**Information supplied**
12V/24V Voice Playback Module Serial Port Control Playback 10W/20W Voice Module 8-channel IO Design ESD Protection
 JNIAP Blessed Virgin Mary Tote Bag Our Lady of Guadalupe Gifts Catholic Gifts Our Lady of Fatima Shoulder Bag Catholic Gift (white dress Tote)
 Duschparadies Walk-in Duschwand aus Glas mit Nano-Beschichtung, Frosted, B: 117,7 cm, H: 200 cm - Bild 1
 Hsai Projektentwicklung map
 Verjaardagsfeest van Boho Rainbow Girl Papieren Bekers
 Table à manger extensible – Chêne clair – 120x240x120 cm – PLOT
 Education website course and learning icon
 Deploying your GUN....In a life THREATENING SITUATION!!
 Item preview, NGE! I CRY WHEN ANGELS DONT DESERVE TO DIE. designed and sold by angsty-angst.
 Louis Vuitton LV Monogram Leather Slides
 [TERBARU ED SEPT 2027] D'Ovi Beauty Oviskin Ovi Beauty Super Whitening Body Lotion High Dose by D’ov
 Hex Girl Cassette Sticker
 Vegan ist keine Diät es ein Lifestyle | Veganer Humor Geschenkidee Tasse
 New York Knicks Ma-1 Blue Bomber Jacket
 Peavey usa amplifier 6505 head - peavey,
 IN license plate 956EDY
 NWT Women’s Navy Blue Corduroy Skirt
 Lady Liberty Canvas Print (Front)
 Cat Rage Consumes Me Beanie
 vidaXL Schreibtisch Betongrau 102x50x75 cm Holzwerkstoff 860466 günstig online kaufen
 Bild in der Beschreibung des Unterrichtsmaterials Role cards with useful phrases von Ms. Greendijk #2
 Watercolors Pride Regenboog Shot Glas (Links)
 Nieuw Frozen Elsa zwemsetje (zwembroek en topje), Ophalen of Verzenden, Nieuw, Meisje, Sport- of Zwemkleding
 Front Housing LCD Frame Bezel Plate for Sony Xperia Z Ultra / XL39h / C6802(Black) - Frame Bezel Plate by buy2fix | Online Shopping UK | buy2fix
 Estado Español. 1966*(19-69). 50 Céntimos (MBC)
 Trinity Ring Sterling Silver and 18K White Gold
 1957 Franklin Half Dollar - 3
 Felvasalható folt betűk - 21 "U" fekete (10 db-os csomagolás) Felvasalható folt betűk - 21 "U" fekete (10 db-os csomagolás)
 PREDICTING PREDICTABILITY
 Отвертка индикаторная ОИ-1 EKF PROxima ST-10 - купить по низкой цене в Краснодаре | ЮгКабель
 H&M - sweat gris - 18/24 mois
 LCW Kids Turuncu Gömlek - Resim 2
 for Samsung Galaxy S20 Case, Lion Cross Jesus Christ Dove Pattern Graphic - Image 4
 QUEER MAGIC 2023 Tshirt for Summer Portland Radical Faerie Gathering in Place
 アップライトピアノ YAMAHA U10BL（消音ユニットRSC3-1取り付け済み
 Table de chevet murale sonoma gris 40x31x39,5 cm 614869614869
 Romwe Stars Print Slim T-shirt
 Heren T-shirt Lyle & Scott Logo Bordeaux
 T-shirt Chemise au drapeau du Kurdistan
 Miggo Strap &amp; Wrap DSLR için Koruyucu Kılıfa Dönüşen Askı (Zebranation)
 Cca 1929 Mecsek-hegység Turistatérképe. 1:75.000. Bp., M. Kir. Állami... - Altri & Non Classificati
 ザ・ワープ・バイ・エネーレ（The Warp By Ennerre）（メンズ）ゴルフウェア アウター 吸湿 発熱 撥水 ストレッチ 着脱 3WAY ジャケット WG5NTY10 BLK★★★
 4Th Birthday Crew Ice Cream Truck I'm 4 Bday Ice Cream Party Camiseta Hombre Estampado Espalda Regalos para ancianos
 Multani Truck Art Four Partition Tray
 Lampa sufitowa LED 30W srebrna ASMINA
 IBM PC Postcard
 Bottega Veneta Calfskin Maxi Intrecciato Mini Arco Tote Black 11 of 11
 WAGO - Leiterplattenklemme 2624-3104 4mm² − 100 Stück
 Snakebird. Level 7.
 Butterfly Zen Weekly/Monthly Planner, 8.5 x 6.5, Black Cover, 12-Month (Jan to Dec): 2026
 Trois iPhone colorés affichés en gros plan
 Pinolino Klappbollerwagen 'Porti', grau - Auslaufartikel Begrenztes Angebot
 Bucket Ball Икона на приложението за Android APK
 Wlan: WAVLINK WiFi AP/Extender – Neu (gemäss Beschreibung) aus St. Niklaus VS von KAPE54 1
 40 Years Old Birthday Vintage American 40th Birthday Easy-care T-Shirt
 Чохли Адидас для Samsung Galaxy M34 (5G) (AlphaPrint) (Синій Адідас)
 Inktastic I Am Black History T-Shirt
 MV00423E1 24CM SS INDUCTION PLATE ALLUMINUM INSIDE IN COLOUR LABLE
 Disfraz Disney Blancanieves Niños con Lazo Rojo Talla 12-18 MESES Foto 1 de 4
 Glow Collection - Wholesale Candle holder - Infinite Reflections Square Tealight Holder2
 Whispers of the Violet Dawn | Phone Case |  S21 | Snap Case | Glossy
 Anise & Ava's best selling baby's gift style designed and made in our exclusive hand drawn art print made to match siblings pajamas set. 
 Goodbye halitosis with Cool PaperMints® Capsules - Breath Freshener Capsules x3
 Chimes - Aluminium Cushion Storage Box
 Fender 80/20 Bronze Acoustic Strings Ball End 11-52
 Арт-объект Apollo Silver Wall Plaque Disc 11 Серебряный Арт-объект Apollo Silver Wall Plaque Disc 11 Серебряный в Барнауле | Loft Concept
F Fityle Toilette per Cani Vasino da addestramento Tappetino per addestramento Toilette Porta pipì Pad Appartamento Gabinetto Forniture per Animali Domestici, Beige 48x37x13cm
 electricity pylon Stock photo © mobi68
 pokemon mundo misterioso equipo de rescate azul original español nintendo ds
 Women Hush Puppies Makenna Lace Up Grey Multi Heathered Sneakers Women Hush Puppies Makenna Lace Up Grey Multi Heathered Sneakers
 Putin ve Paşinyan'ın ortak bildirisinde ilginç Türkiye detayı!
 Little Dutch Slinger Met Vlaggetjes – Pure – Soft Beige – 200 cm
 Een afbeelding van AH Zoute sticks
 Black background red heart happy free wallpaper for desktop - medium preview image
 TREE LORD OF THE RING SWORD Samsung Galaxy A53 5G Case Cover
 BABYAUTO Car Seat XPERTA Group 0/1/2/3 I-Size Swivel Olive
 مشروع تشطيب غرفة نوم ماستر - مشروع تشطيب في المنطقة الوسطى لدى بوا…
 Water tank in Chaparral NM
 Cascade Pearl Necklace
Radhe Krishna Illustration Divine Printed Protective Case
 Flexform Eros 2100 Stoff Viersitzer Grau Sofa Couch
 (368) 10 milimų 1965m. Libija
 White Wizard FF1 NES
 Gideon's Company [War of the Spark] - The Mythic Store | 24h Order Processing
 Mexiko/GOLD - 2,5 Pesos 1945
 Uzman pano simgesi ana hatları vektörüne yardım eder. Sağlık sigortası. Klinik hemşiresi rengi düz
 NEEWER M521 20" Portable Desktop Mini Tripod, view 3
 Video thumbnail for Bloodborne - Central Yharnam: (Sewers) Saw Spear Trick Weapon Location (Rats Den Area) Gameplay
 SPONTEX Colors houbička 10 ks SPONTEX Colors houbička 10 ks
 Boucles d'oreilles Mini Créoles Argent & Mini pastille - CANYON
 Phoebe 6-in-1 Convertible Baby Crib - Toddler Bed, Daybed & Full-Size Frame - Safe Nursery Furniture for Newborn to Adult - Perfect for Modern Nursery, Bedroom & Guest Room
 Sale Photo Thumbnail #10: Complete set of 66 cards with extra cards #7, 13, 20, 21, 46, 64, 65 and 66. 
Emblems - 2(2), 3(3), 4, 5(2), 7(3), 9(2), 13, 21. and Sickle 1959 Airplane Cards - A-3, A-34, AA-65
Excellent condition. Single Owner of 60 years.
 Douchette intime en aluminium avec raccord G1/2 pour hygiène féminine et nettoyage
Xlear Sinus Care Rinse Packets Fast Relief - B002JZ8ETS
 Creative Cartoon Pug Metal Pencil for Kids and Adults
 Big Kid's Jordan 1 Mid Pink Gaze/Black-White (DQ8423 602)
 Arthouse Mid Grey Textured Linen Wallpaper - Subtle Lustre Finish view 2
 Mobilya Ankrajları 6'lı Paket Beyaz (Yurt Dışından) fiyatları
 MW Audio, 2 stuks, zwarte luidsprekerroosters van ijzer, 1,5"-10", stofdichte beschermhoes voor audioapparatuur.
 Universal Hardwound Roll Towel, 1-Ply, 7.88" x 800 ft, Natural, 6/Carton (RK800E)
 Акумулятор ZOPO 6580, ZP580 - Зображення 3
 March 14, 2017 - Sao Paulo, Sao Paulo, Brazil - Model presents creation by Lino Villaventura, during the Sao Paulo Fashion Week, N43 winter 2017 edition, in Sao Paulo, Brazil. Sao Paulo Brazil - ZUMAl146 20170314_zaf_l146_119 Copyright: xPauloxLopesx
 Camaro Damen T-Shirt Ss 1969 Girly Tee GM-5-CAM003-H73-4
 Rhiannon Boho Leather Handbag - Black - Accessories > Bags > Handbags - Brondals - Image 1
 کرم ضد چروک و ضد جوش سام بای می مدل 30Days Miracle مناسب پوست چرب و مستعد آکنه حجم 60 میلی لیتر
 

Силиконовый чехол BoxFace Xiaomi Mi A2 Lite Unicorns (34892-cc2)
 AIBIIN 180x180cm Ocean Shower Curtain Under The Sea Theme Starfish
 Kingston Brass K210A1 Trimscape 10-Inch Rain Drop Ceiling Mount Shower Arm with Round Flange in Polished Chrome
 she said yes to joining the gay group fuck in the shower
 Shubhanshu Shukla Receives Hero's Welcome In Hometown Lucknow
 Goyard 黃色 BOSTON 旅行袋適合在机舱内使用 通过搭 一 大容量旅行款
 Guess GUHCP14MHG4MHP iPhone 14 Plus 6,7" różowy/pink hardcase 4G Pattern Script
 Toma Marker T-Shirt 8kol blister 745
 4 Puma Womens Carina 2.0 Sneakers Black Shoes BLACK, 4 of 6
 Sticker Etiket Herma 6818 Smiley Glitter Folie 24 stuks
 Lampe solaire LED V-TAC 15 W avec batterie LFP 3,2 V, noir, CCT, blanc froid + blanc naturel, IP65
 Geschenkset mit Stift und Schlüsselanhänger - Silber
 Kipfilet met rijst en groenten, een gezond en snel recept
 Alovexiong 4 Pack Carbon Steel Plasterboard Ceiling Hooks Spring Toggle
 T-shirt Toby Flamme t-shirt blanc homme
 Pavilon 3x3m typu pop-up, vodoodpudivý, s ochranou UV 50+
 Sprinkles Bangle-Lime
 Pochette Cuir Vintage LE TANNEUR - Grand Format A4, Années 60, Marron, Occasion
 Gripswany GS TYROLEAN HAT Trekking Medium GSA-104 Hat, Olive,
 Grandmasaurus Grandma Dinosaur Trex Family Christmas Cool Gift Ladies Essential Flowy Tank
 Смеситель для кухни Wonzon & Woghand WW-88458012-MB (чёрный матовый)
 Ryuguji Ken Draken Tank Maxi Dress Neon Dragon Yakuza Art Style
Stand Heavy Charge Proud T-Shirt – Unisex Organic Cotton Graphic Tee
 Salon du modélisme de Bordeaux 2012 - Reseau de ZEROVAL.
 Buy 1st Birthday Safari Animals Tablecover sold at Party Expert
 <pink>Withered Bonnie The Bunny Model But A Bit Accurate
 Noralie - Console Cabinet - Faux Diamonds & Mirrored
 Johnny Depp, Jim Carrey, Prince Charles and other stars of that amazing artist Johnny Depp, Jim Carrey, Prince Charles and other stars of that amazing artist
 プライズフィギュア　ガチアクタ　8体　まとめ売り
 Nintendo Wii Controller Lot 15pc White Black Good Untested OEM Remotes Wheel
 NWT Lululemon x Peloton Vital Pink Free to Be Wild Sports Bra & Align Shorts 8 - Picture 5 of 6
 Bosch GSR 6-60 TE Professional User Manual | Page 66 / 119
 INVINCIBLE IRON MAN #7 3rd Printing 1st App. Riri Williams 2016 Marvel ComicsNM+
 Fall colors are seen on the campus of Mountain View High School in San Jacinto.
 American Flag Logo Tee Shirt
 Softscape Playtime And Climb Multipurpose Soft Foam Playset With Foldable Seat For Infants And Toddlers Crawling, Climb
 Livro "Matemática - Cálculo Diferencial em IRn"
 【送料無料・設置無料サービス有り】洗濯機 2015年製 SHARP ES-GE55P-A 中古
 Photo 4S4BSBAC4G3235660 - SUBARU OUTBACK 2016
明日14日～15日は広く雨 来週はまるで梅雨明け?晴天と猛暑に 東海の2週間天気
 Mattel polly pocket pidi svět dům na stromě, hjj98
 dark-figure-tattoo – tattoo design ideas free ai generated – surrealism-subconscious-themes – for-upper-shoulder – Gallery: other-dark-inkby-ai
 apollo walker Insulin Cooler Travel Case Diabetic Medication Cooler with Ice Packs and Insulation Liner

**Assigned task**
Take the lines above from the one containing "Boucles d'oreilles Mini" to the one containing "Акумулятор ZOPO 6580, ZP580 - Зображення 3" and retype them exactly, both ends included, with nothing added.

**Solution for this exercise**
 Boucles d'oreilles Mini Créoles Argent & Mini pastille - CANYON
 Phoebe 6-in-1 Convertible Baby Crib - Toddler Bed, Daybed & Full-Size Frame - Safe Nursery Furniture for Newborn to Adult - Perfect for Modern Nursery, Bedroom & Guest Room
 Sale Photo Thumbnail #10: Complete set of 66 cards with extra cards #7, 13, 20, 21, 46, 64, 65 and 66. 
Emblems - 2(2), 3(3), 4, 5(2), 7(3), 9(2), 13, 21. and Sickle 1959 Airplane Cards - A-3, A-34, AA-65
Excellent condition. Single Owner of 60 years.
 Douchette intime en aluminium avec raccord G1/2 pour hygiène féminine et nettoyage
Xlear Sinus Care Rinse Packets Fast Relief - B002JZ8ETS
 Creative Cartoon Pug Metal Pencil for Kids and Adults
 Big Kid's Jordan 1 Mid Pink Gaze/Black-White (DQ8423 602)
 Arthouse Mid Grey Textured Linen Wallpaper - Subtle Lustre Finish view 2
 Mobilya Ankrajları 6'lı Paket Beyaz (Yurt Dışından) fiyatları
 MW Audio, 2 stuks, zwarte luidsprekerroosters van ijzer, 1,5"-10", stofdichte beschermhoes voor audioapparatuur.
 Universal Hardwound Roll Towel, 1-Ply, 7.88" x 800 ft, Natural, 6/Carton (RK800E)
 Акумулятор ZOPO 6580, ZP580 - Зображення 3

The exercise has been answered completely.